For Proposal 1, the election of nine directors, each nominee shall be elected as a director if the votes cast for such nominee’s election exceed the votes cast against such nominee’s election. Any director who fails to receive the required number of votes for his or her re-election is required to submit his resignation to the Board of Directors. Our Nominating and Corporate Governance Committee (excluding any director nominee who failed to receive the required number of votes) will promptly consider any such director’s resignation and make a recommendation to the Board of Directors as to whether such resignation should be accepted. The Board of Directors is required to act on the Nominating and Corporate Governance Committee’s recommendation within 90 days of the certification of the shareholder vote for the 2017 Annual Meeting.

For each of Proposal 2 (approval of our Amended and Restated 2014 Equity Incentive Plan), Proposal 3 (the ratification of the appointment of Ernst & Young LLP as our independent registered public accounting firm for 2017), Proposal 4 (the advisory vote to approve the compensation of our named executive officers) and Proposal 5 (the advisory vote on the frequency of holding future votes on the compensation of our named executive officers), an affirmative vote of a majority of the shares present, in person or represented by proxy, and voting on such matter is required for approval.

Broadridge Financial Solutions tabulates the votes. The vote on each matter submitted to shareholders is tabulated separately.
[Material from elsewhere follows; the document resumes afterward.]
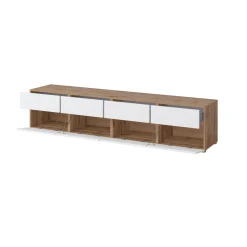 Tv Meubels*Beddenbriljant TV-meubel Crotone - 4-kleps incl. 4 lades - Wotan Eiken / Wit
Broker non-votes are shares held by a nominee (such as a bank or brokerage firm) which, although counted for purposes of determining a quorum, are not voted on a particular matter because voting instructions have not been received from the nominees’ clients (who are the beneficial owners of such shares). Under national securities exchange rules, nominees who hold shares of common stock in street name for, and have transmitted our proxy solicitation materials to, their customers but do not receive voting instructions from such customers, are not permitted to vote such customers’ shares on non-routine matters. Proposal 3 is considered a routine matter and nominees therefore have discretionary voting power as to Proposal 3. For non-routine matters, these broker non-votes shall not be counted as votes cast and therefore will have no effect on Proposals 1, 2, 4, and 5. Similarly, abstentions are not counted as votes cast and thus will have no effect on any proposal.

The persons named as attorneys-in-fact in the proxies, Kirill Tatarinov and David J. Henshall, were selected by the Board of Directors and are officers of Citrix. All properly executed proxies submitted in time to be counted at the 2017 Annual Meeting will be voted by such persons at the 2017 Annual Meeting. Where a choice has been specified on the proxy with respect to the foregoing matters, the shares represented by the proxy will be voted in accordance with the specifications. If no such specifications are indicated, such proxies will be voted FOR Proposal 1 (the election of each of the director nominees), FOR Proposal 2 (approval of our Amended and Restated 2014 Equity Incentive Plan), FOR Proposal 3 (the ratification of the appointment of Ernst  & Young LLP as our independent registered public accounting firm for 2017), FOR Proposal 4 (the advisory vote to approve the compensation of our named executive officers) and FOR an annual vote on Proposal 5 (the advisory vote on the frequency of holding future votes on the compensation of our named executive officers).

Aside from the proposals included in this Proxy Statement, our Board of Directors knows of no other matters to be presented at the 2017 Annual Meeting. If any other matter should be presented at the 2017 Annual Meeting upon which a vote may properly be taken, shares represented by all proxies received by the Board of Directors will be voted with respect to such matter in accordance with the judgment of the persons named as attorneys-in-fact in the proxies.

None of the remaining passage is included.